### [Task requirements]
Find the line that contains "Eau de Parfum". Copy it and every line after it to the end of the material below, exactly, with no pictures.

### [Given data]
........
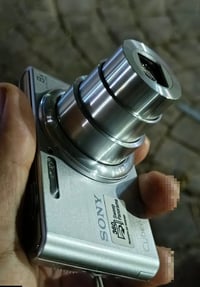 سوني DSC-W730 • ١٦٫١ ميجابكسل • زوم بصري ٨×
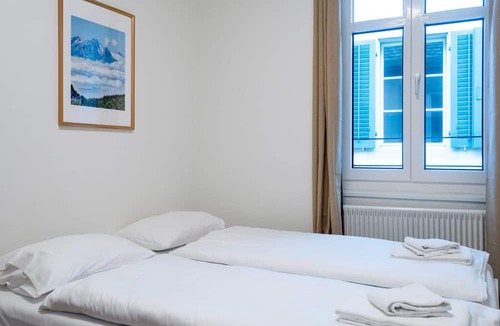 Lucerne Apartment | LU Pluto ll - Old Town HITrental Apartment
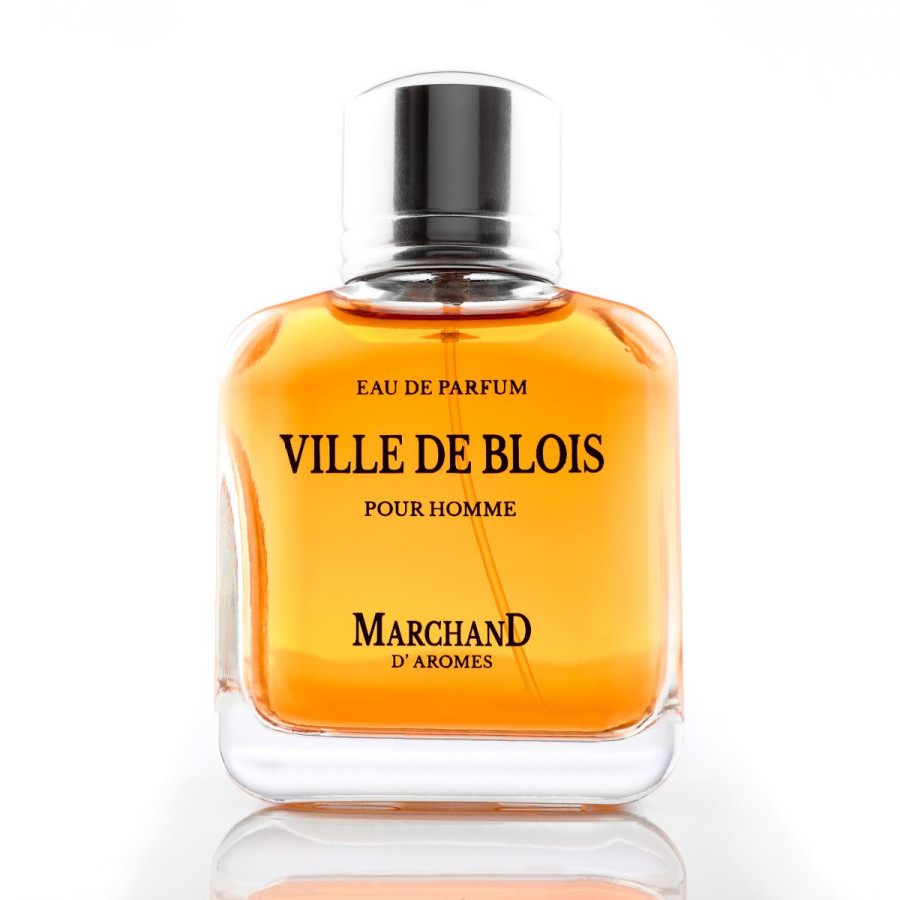 Eau de Parfum pour Homme Ville de Blois 120 ml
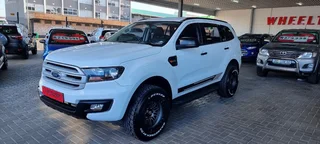 2018 Ford Everest 2.2 TDCI XLS 4x4 - 7 seater for sale!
........
### [Output]
 Eau de Parfum pour Homme Ville de Blois 120 ml
 2018 Ford Everest 2.2 TDCI XLS 4x4 - 7 seater for sale!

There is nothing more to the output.